**EXERCISE DETAILS**. Your task is to repeat exactly the lines below between the line holding "Elandra Wide Leg Tux Trousers Black" and the line holding "1983-84 O-Pee-Chee #219", inclusive, and only those.

**AVAILABLE DATA**.
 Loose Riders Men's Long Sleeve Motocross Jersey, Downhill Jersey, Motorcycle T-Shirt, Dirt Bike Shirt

--

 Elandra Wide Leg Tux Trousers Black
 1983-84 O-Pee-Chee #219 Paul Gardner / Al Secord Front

...

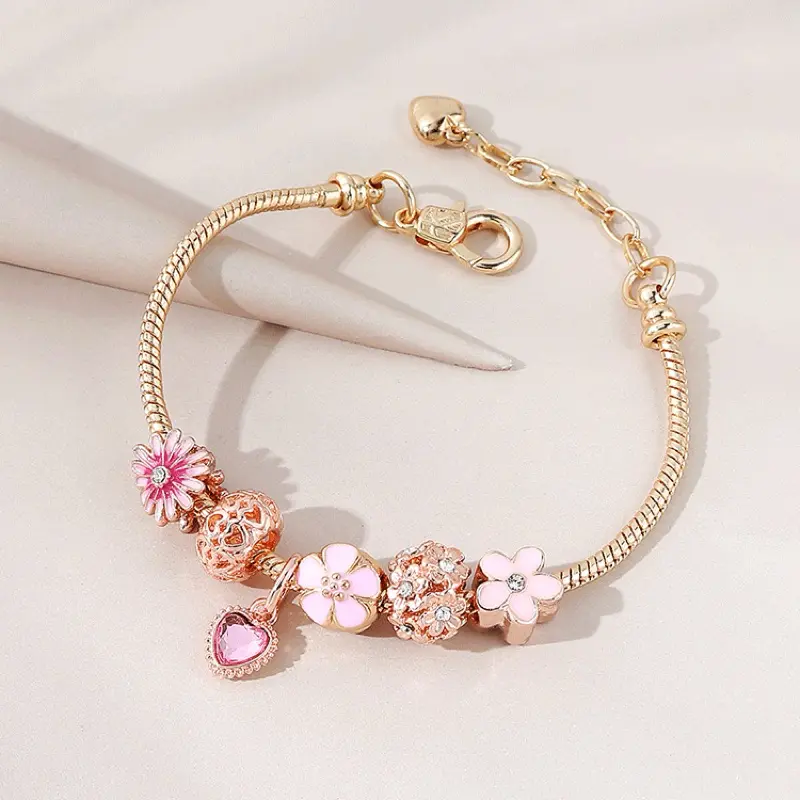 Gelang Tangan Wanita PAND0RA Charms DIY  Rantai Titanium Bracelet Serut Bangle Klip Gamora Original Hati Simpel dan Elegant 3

**SOLVED PROBLEM**.
 Elandra Wide Leg Tux Trousers Black
 1983-84 O-Pee-Chee #219 Paul Gardner / Al Secord Front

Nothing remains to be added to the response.